### [PROVIDED DATA]
>>

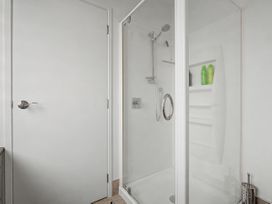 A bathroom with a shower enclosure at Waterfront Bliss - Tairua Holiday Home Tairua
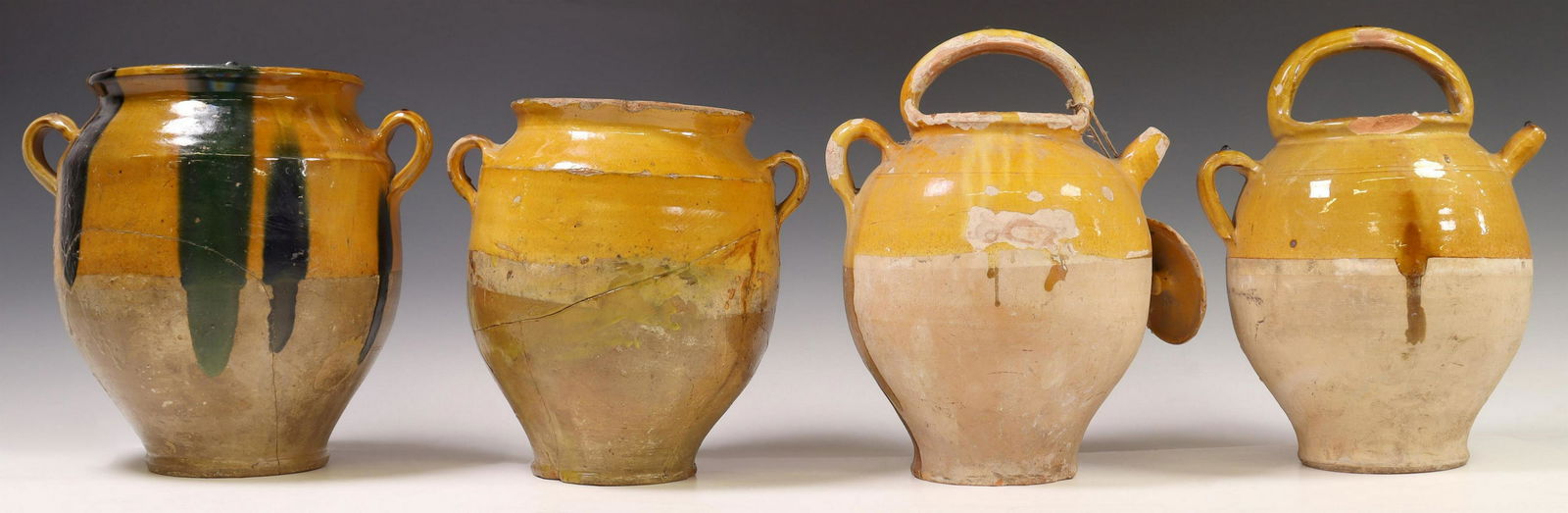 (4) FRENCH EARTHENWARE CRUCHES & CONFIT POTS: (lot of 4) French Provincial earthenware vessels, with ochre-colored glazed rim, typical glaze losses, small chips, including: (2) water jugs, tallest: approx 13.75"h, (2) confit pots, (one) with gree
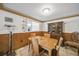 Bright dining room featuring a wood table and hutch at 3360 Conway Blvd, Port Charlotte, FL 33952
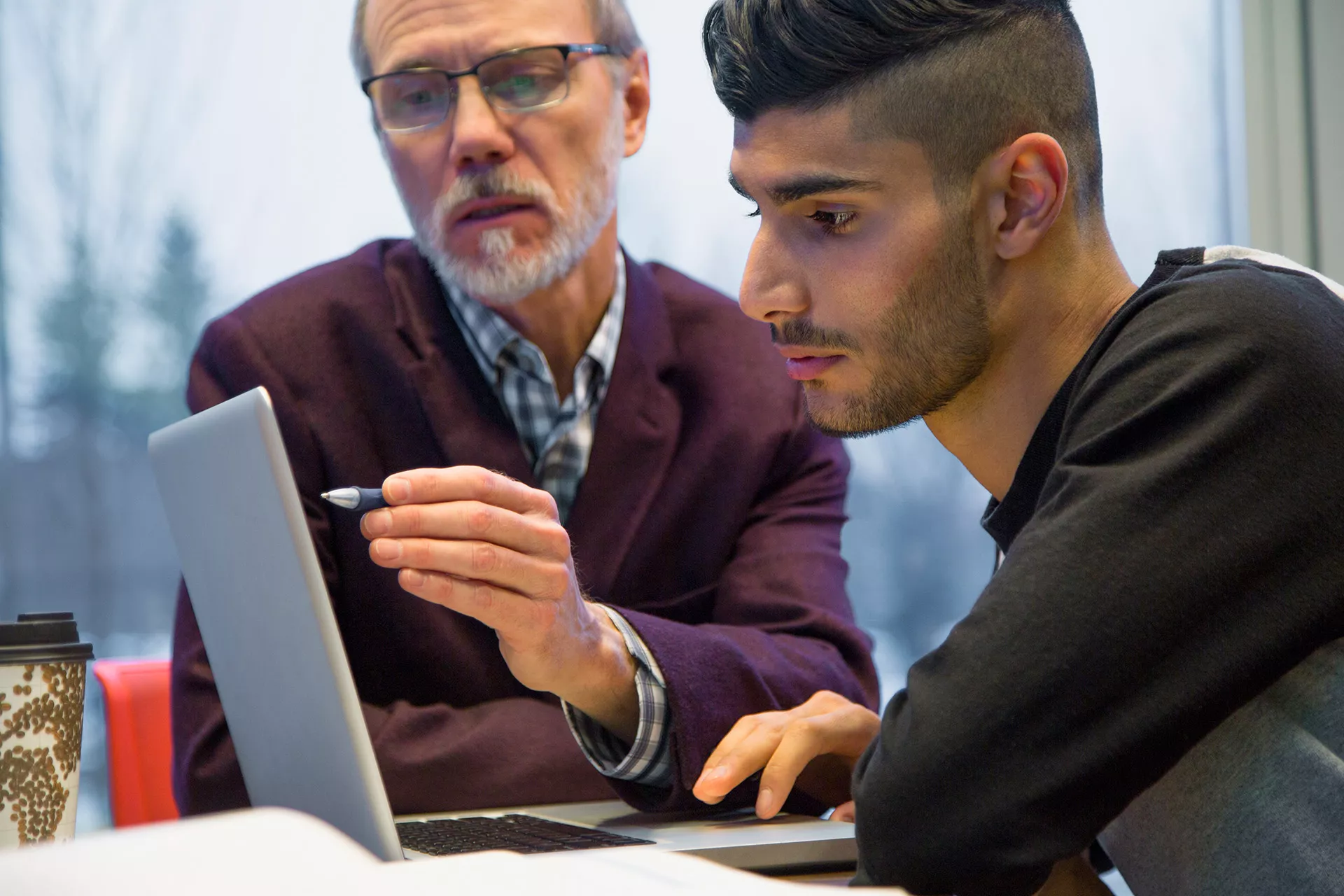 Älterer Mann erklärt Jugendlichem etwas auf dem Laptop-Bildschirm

<<

### [WHAT NEEDS TO BE DONE]
Print the listing exactly, but skip its pictures.

### [TASK OUTPUT]
 A bathroom with a shower enclosure at Waterfront Bliss - Tairua Holiday Home Tairua
 (4) FRENCH EARTHENWARE CRUCHES & CONFIT POTS: (lot of 4) French Provincial earthenware vessels, with ochre-colored glazed rim, typical glaze losses, small chips, including: (2) water jugs, tallest: approx 13.75"h, (2) confit pots, (one) with gree
 Bright dining room featuring a wood table and hutch at 3360 Conway Blvd, Port Charlotte, FL 33952
 Älterer Mann erklärt Jugendlichem etwas auf dem Laptop-Bildschirm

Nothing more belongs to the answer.